Il Parlamento di Mosca ha approvato il provvedimento che mette sotto controllo Internet.
La legge è stata approvata l’11 luglio e, in quel giorno, la sezione russa di Wikipedia ha listato a lutto la propria home page (sfondo bianco per 24 ore) in segno di protesta.
Tutti i siti, blog e pagine web che contengono materiale inappropriato o che trattano temi sensibili per il governo verranno inevitabilmente inseriti in una “black list”, per poi essere censurati e chiusi. Per gli autori è previsto un processo con pena detentiva fino a cinque anni. Gli estensori della legge si difendono da chi li accusa di minare la libertà di espressione, affermando che le norme serviranno a proteggere e a rendere più sicura la navigazione dei minori. In Russia il web è invaso da siti che trattano di pedofilia, pornografia e droga; difendere gli utenti più innocenti da questo mercato del sesso è un diritto inviolabile a cui ogni Stato di diritto non deve rinunciare.
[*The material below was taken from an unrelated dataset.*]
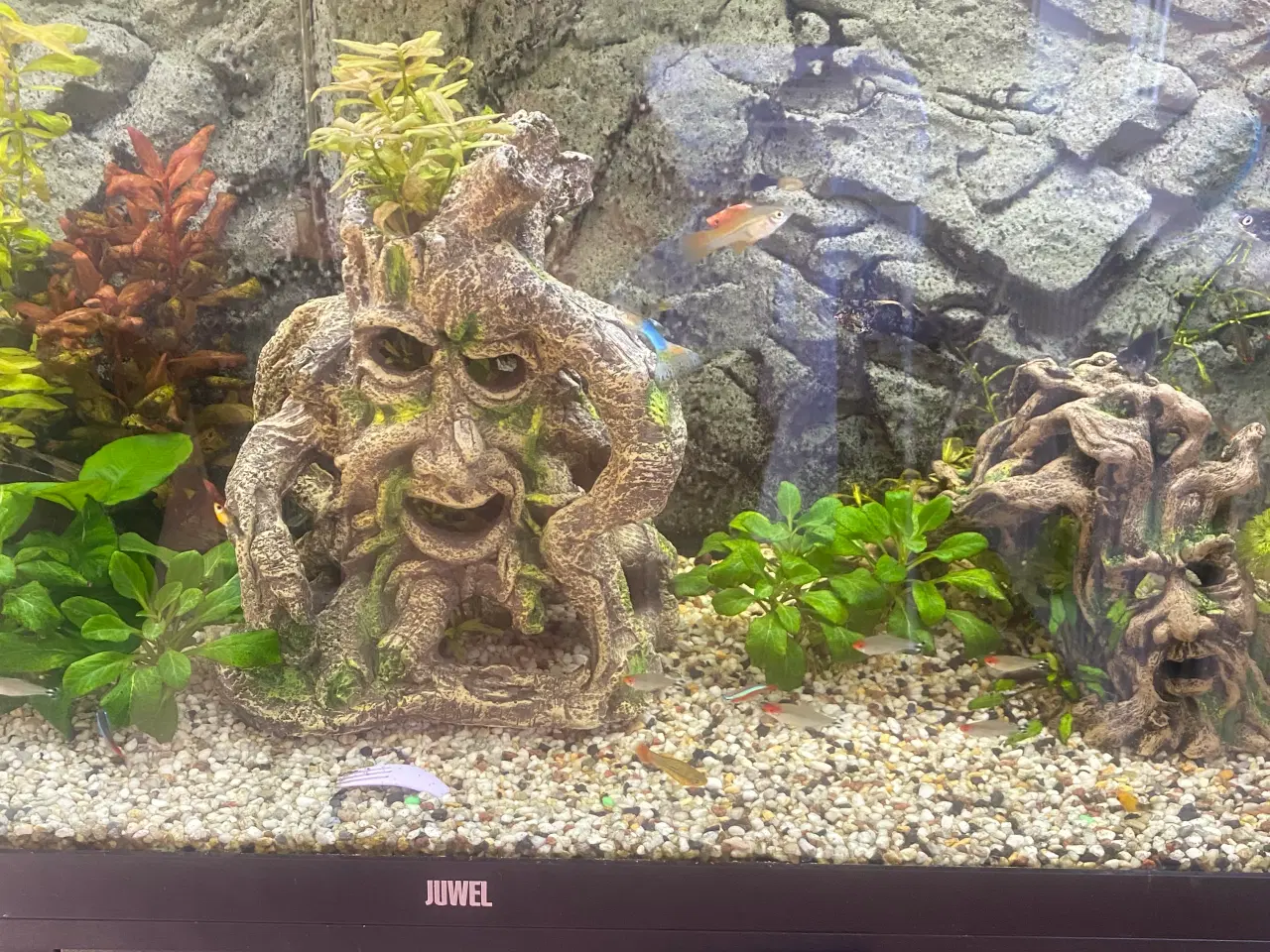 Billede 3 - Juwel akvarie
Ma gli oppositori parlano di censura alla critica politica: il raggio di discrezionalità potrebbe essere esteso anche ad altri settori ed il concetto di “contenuto inappropriato” potrebbe etichettare anche quelle pagine web di forze politiche dissidenti.
In un Paese in cui le televisioni, assoggettate al potere politico, vengono definite “scatole zombie”, la Rete è diventata l’unico luogo dove poter creare forme di critica e opposizione; lo stesso Putin infatti non ha mai smentito le sue preoccupazioni sul potere esercitato dall’opposizione sulle masse.